• Aim of the exercise
Output only the lines that run from the line holding "this 350×262 image." to the end of the data below, including both ends, without any pictures.

Top of Records for the exercise

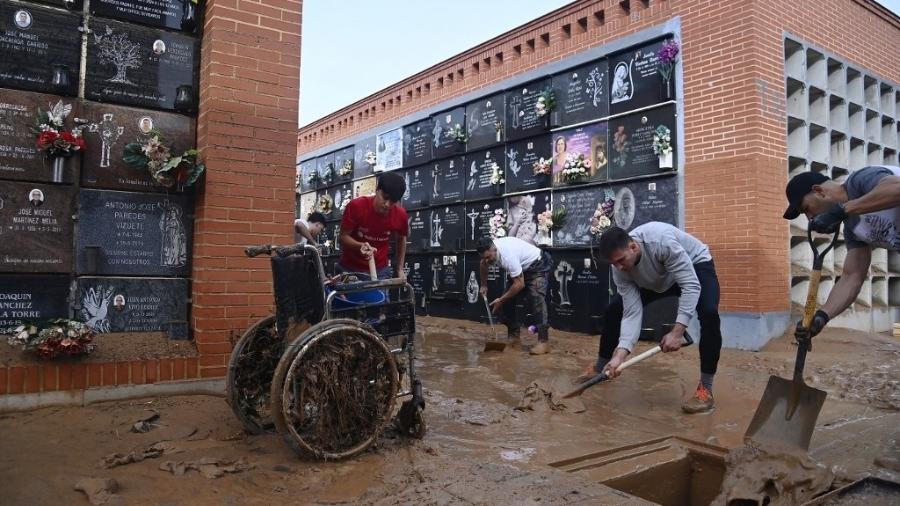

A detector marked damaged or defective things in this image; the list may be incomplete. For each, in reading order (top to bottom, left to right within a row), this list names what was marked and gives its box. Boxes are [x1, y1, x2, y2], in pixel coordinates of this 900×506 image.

damaged cemetery path [0, 318, 896, 504]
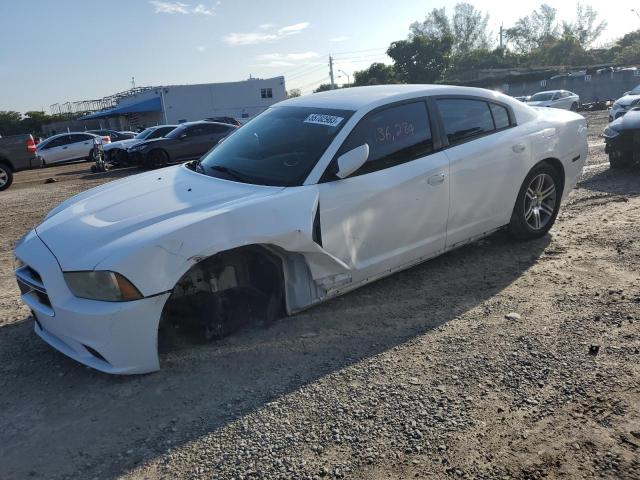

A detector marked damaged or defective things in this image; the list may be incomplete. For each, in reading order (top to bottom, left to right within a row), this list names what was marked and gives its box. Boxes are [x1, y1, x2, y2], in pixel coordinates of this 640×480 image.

exposed wheel well [158, 246, 284, 346]
damaged sedan [13, 84, 592, 374]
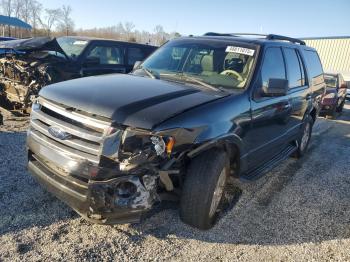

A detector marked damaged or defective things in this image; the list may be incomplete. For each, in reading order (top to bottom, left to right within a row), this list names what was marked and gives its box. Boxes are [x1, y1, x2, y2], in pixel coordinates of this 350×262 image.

crumpled hood [0, 36, 66, 55]
dark damaged vehicle in background [0, 35, 156, 111]
damaged front end [27, 97, 185, 223]
crumpled hood [40, 74, 227, 129]
dark damaged vehicle in background [26, 33, 326, 229]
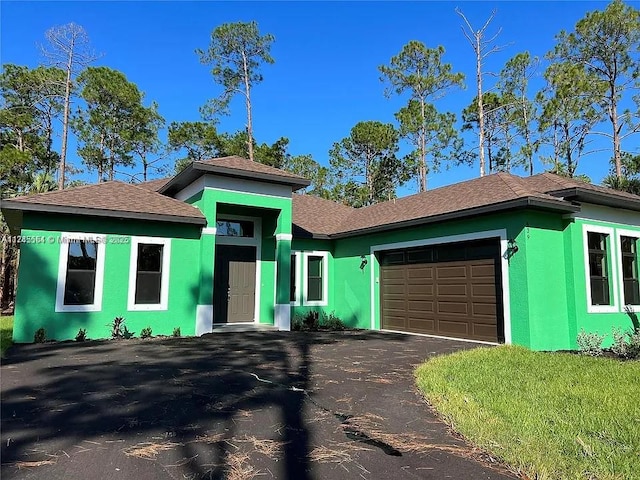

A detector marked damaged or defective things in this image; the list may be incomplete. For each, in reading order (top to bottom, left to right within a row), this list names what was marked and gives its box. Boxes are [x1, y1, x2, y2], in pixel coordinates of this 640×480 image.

cracked driveway surface [1, 332, 516, 478]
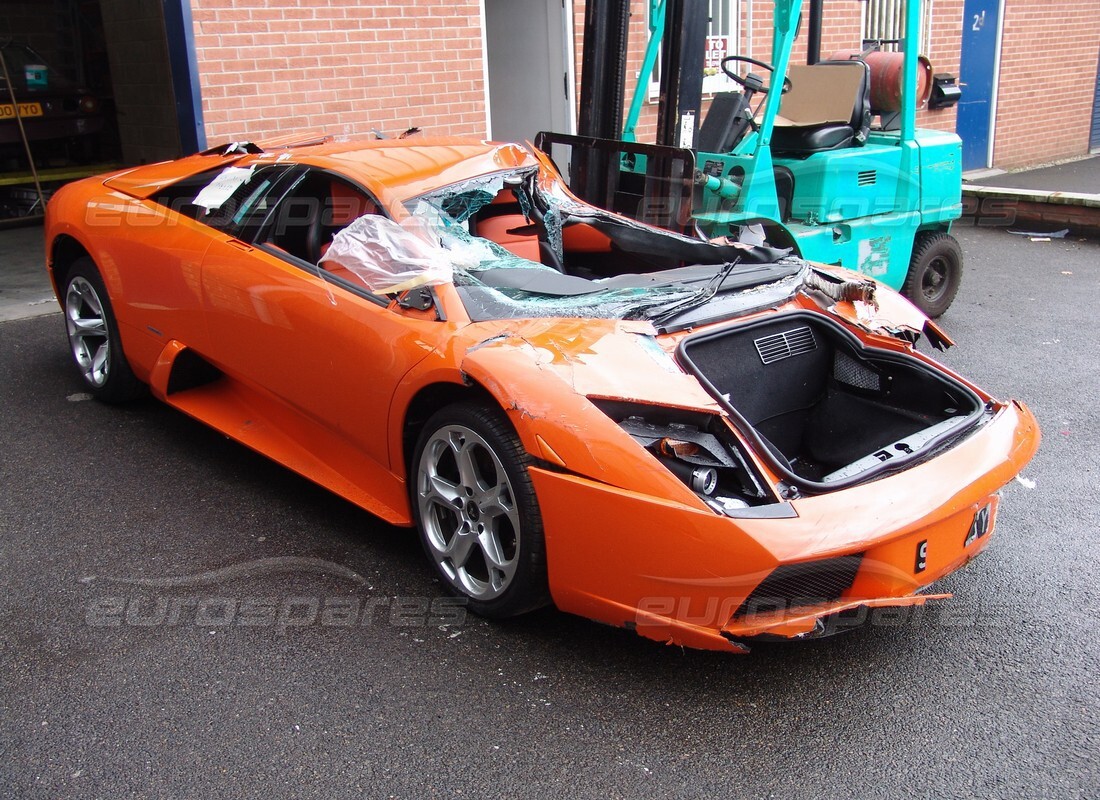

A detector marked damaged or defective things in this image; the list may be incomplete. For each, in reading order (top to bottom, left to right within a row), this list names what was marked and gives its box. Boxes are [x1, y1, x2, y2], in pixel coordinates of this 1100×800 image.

Bottom of Records for the exercise

• Reply
A detector marked damaged or defective things in this image; the list may be incomplete. For each, in reading order (top to bottom, left to right within a row), this list names what was marked and gives its box. Boxes are [x1, y1, x2, y2], in pixel coordinates of this 350×262 image.

crumpled hood [0, 36, 66, 55]
dark damaged vehicle in background [0, 35, 156, 111]
damaged front end [27, 97, 185, 223]
crumpled hood [40, 74, 227, 129]
dark damaged vehicle in background [26, 33, 326, 229]

A detector marked damaged or defective things in this image; the list may be incomplete. For each, in reading order (top to bottom, left to right within a row), this list names what was marked and gives its box. Boxes are [x1, y1, x2, y2], in pixel coordinates of this 640×480 image.

cracked driveway surface [1, 332, 516, 478]

A detector marked damaged or defective things in this image; the list may be incomplete. For each, in reading order (top to bottom, left to right within a row), this list names what was marked and gives its box. Boxes are [x1, y1, x2, y2], in pixel coordinates of this 1100×800 image.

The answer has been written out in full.